Index: pkgsrc/biology/filter-fastq/DESCR
diff -u /dev/null pkgsrc/biology/filter-fastq/DESCR:1.1
--- /dev/null	Thu May 27 17:11:42 2021
+++ pkgsrc/biology/filter-fastq/DESCR	Thu May 27 17:11:42 2021
@@ -0,0 +1,15 @@
+Filter reads from a FASTQ file using a list of identifiers.
+
+Each entry in the input FASTQ file (or files) is checked against all
+entries in the identifier list. Matches are included by default, or
+excluded if the --invert flag is supplied. Paired-end files are kept
+consistent (in order).
+
+This is almost certainly not the most efficient way to implement this
+filtering procedure.
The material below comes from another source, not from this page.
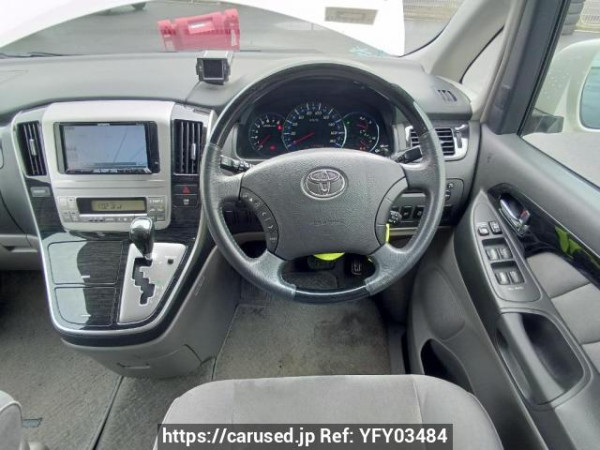Used 2005 AT toyota alphard ANH10W Image[20]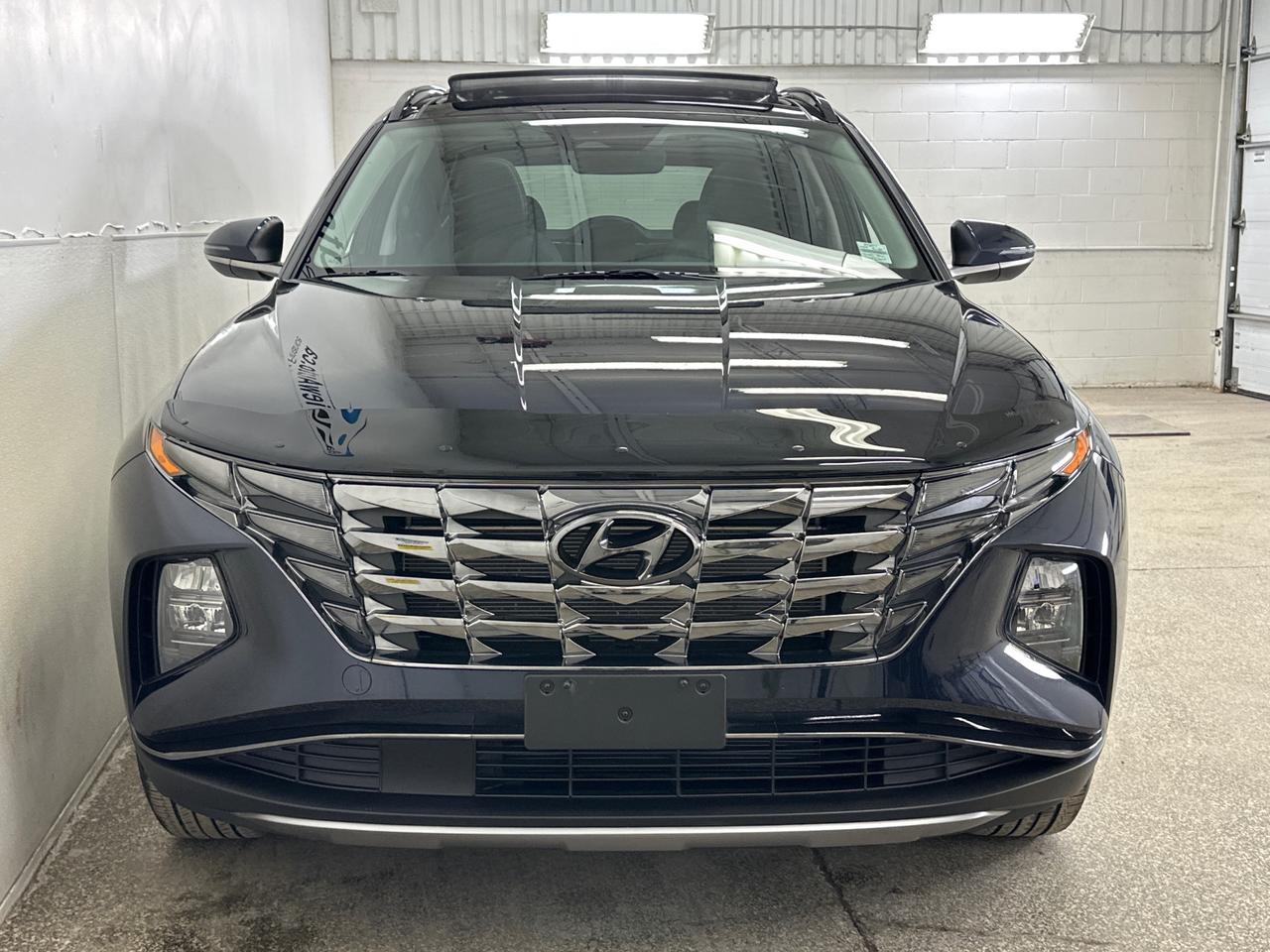 2024 Hyundai Tucson Trend 4dr All-Wheel Drive Photo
I tested a few different strategies and this one
+seemed the fastest. Current timing with 16 processes is about 10
+minutes per 1M paired reads with gzip'd input and output, depending on
+the length of the identifier list to filter by.
+
+usage: filter_fastq.py [-h] [-i INPUT] [-1 READ1] [-2 READ2] [-p NUM_THREADS]
+                       [-o OUTPUT] [-f FILTER_FILE] [-v] [--gzip]
Index: pkgsrc/biology/filter-fastq/Makefile
diff -u /dev/null pkgsrc/biology/filter-fastq/Makefile:1.1
--- /dev/null	Thu May 27 17:11:42 2021
+++ pkgsrc/biology/filter-fastq/Makefile	Thu May 27 17:11:42 2021
@@ -0,0 +1,32 @@
+# $NetBSD: Makefile,v 1.1 2021/05/27 17:11:42 brook Exp $
+
+PKGNAME=	filter-fastq-0.0.0.20210527
+GITHUB_PROJECT=	filter-fastq
+GITHUB_TAG=	d2c9218
+DISTNAME=	filter-fastq
+CATEGORIES=	biology
+MASTER_SITES=	${MASTER_SITE_GITHUB:=stephenfloor/}
+EXTRACT_SUFX=	.zip
+DIST_SUBDIR=	${GITHUB_PROJECT}
+
+MAINTAINER=	pkgsrc-users@NetBSD.org
+HOMEPAGE=	https://github.com/stephenfloor/filter-fastq/
+COMMENT=	Filter reads from a FASTQ file
+LICENSE=	mit
+
+WRKSRC=		${WRKDIR}/filter-fastq-d2c92182674a6d5aa257fb63eb60ac24ddb8b4a0
+USE_LANGUAGES=	# none
+NO_BUILD=	yes
+
+PYTHON_VERSIONS_ACCEPTED=	27
+
+REPLACE_PYTHON+=	filter_fastq.py
+
+INSTALLATION_DIRS+=	bin share/doc/filter_fastq
+
+do-install:
+	${INSTALL_SCRIPT} ${WRKSRC}/filter_fastq.py ${DESTDIR}${PREFIX}/bin
+	${INSTALL_DATA} ${WRKSRC}/README.md ${DESTDIR}${PREFIX}/share/doc/filter_fastq
+
+.include "../../lang/python/application.mk"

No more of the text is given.